Missing the Lede

At Foreign Affairs Ray Tayekh outlines the risks of Iran’s joining the list of countries with nuclear weapons:

Soon after the Iranians test a nuclear weapon, there will be much handwringing and finger-pointing. American credibility will be in tatters, and U.S. allies and partners in the region will begin to doubt Washington’s commitment and ability to protect them. Iran will be seemingly at the height of its power.

But the Islamic Republic will then discover the reality that all other nuclear-armed states, including the United States and the Soviet Union, have eventually grasped: it is nearly impossible to translate an atomic capability into strategic advantage. The mullahs who rule Iran have spent decades pursuing the bomb—weathering international isolation, sanctions, and a campaign of assassinations and subversion—and they will surely try to press their perceived advantage. They will brandish their arsenal and make demands, such as insisting that U.S. forces leave the region and that oil prices be set according to their preferences.

But what will they do if they are rebuffed? What happens if Israel and Saudi Arabia, backed in no uncertain terms by Washington, react to Iran’s provocations with their own show of determination? It is extremely doubtful that Iran would risk its own obliteration by using nuclear arms against them. In the end, the weapon that was supposed to enshrine Iran’s regional hegemony will likely result in no measurable change in Iranian power.

He’s missing the obvious. It makes little difference how Washington or Ankara or Riyad respond. A nuclear-armed Iran is an intolerable risk to Israel and they can’t afford to wait until the Iranian regime has used its nuclear weapons. It only takes one nuclear weapon to destroy Israel completely and, even if Washington were to attempt to dissuaded the Israelis from acting, they simply can’t afford to depend on us. The likelihood is that should Iran test a nuclear weapon it would itself provoke nuclear war.

9 comments… add one
  • CuriousOnlooker Link

    Looking at the map.

    Pakistan, India, Israel and Russia all have nuclear weapons. There are rumors Pakistan and Saudi Arabia have an arrangement that if Iran becomes a full-fledged nuclear power, Pakistan will transfer the necessary technology to Saudi Arabia to become one too.

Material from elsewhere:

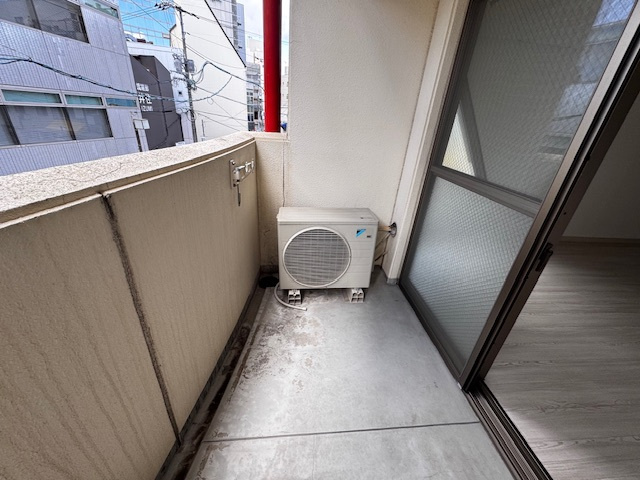 的場Yビルのバルコニー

    Don’t forget Turkey; we don’t know how long Erdogan will be power but is he satisfied being protected by the American nuclear umbrella?

  • Drew Link

    That’s fine that SA and Pakistan have a deal. But I think the point Dave makes, or at least the one I have had for decades, is that Israel faces an existential threat from a nuclear capable zealous leadership like Iran. I think it was the primary folly of Obama’s “Oh c’mon, we will trust or inspect” policy.

    Israel can’t afford the mistake of a nuclear Iran; they can’t even afford to be late. So they won’t. Its why Obama’s policy was ludicrous on its face.

  • steve Link

    Obamas policy was ludicrous, which is why we abandoned all inspections and let Iran make plutonium and enriched uranium again. Talk about beclowning.

    Stev e

  • bob sykes Link

    Israeli has a reckless, aggressive government that routinely commits political murders and terrorist bombings. The killings go back decades, and have been committed in Europe as well as the Middle East.

    It’s own nuclear arsenal destabilizes the region and increases the chance of world war. They arrogantly attacked the USS Liberty killing and wounding dozens of American servicemen.

    The US should insist on Israeli denuclearization.

  • Grey Shambler Link

    Do we know for a fact that the religious leadership in Iran is determinably
    apocalyptic? Do we know they are not? Would we in the place of
    Israel, behave differently in our own defense?
    But even as a first nuclear strike by Israel against Iranian nukes will probably never happen because they have better options, Israel cannot tolerate the possibility of Hezbollah suicide bombers with backpack atomic devices.
    Some think Israel should submit, love of the underdog. Palestine’s and Iran’s governments need to earn trust or forever remain hermit kingdoms.

  • I don’t believe they see it as apocalyptic. I think they believe that God will defend them. There’s no way to compare our situation with that of Israel—Israel is tiny with a population very concentrated within that small area. They are extremely vulnerable.

    As evidence that is the mullahs’ view that was their explanation of the failure of Operation Eagles’ Claw.

  • steve Link

    One nuke to destroy Israel. How many to destroy Iran? Is there any doubt Israel has enough to do it?


  • Grey Shambler Link

    Do you love the temporary underdog?
    Do you find Iranian clerics appealing?
    Do you hate Jews?
    (Don’t feel bad, most do.)
    Do you have any reason to believe Israel wants Iran obliterated?
    If you do hate the Jews, you might want to consider why expressing that benefits you in your social circle. You are well educated, explore your motivations.

  • steve Link

    The only people in real life that I discuss Israel politics with are Jewish friends. Any criticism of israel policy on the net means you are anti-semitic, hate Jews or something. How dare anyone suggest Israel has enough nukes to destroy Iran!

    Feel free to remind me of all the positive things i have said about Iranian clerics in the past.